Workers improperly installed fasteners on Webb’s sunshield before an acoustic test, and a number of screws, washers and nuts came loose during the spacecraft’s acoustic test. After initially failing to account for all of the fasteners — raising concerns some of it fell into the spacecraft — teams have now found all of the hardware, Smith said.
Read more details on the issues that caused Webb’s launch delay to 2021.
Engineers have identified a couple of other problems on the spacecraft bus that require attention, Smith said.
“When we came out of environmental testing on the spacecraft, there were two electronic components that did not work as planned,” he said. “One was a component of a communications system. It’s an amplifier. We have redundant amplifiers, but one of them didn’t work as planned.

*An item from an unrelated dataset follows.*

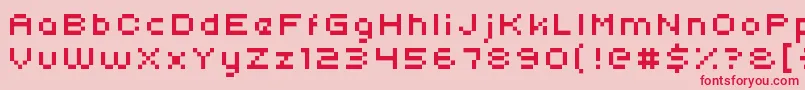 フォントUni05 54 – ピンクの背景に赤い文字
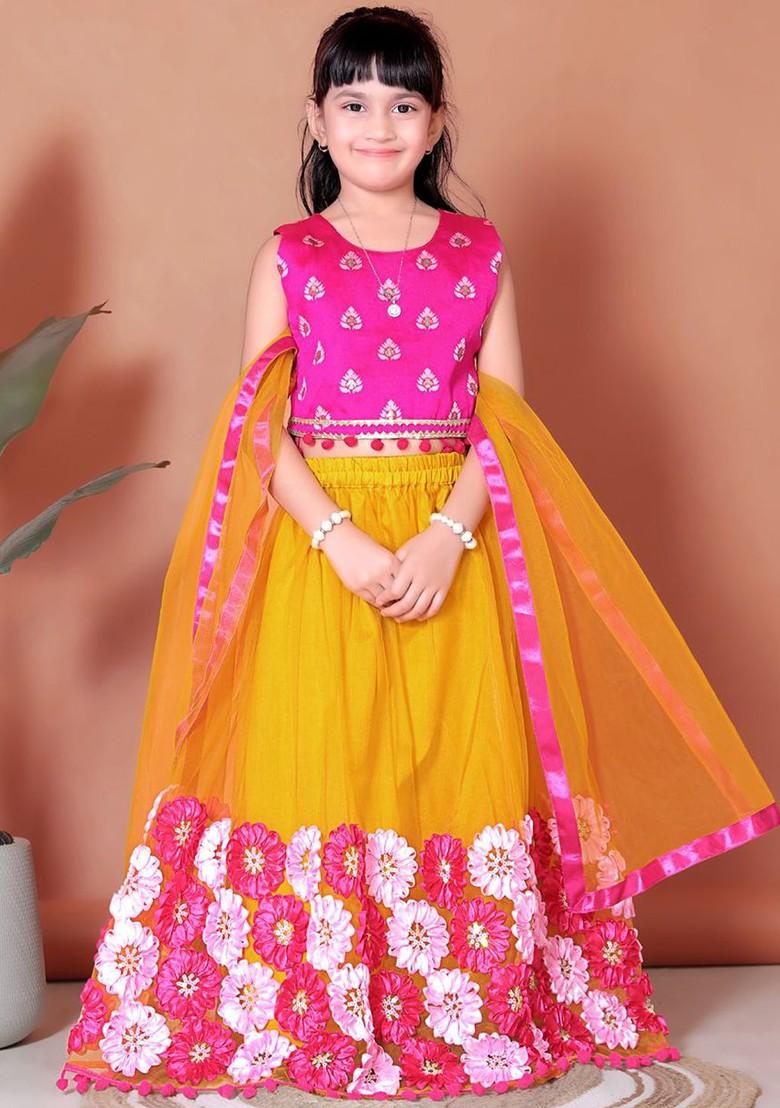 Mustard Printed Blended Lehenga Choli For Girls - Indya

“And some boards on one of the command and telemetry processors that (were also behaving in a way that wasn’t expected,” he said. “So we’re buying new amplifiers … and we are taking engineering units of the command and telemetry processors that we already have and sort of upgrading those for flight.”
Workers will replace the amplifier and command and telemetry processor after the sunshield deployment test.
“At the same time we’re replacing this amplifier, we will replace one of these command and telemetry processors,” Smith said. “This is a redundant system, so we’re just replacing one of them.”
“The spacecraft has all of its electronics and avionics on the side panels of it, so there is a period now where we have to basically (lay) one of those panels flat to replace these two things,” Smith said. “So we had to use up some schedule margin to accommodate that change, but that’s factored in, and we still have margin to launch.”
Officials from ESA and Arianespace have also agreed to modify the design of vents on the Ariane 5 rocket’s payload shroud to address a concern that a depressurization event could damage the Webb observatory when the fairing jettisons after liftoff.
The clamshell-like fairing will protect Webb as the Ariane 5 rockets through the dense lower layers of the atmosphere. Once above the discernible atmosphere, the fairing will release to shed weight as the Ariane 5 climbs into space.
Engineers were concerned residual air trapped in Webb’s folded sunshield membranes could cause an “over-stress condition” at the time of fairing separation.
Smith said NASA provide Arianespace, the Ariane 5’s launch operator, with high-fidelity sensors to fly on two Ariane 5 missions and measure the pressure inside the fairing during the shroud separation sequence.
“They show that there is an issue with depressurization, meaning that there would be enough residual pressure that it could threaten some of our hardware,” Smith said. “So they have agreed that to resolve this, what they’re going to do is install some additional hardware on their vents. These shrouds have vents around the base of them, and we believe the issue was that while they open on the way up, just because they’re vibrating around, they may not stay full open the whole way.
“So ESA and Ariane are working on a design that will essentially keep these vents open once they open up, and all the calculations show that that should make the pressure fall below where we need it to for our payload,” Smith said. “So that story is coming to a good resolution.”
The new hardware to keep the fairing vents latched open will fly on an Ariane 5 mission before Webb to verify the change works.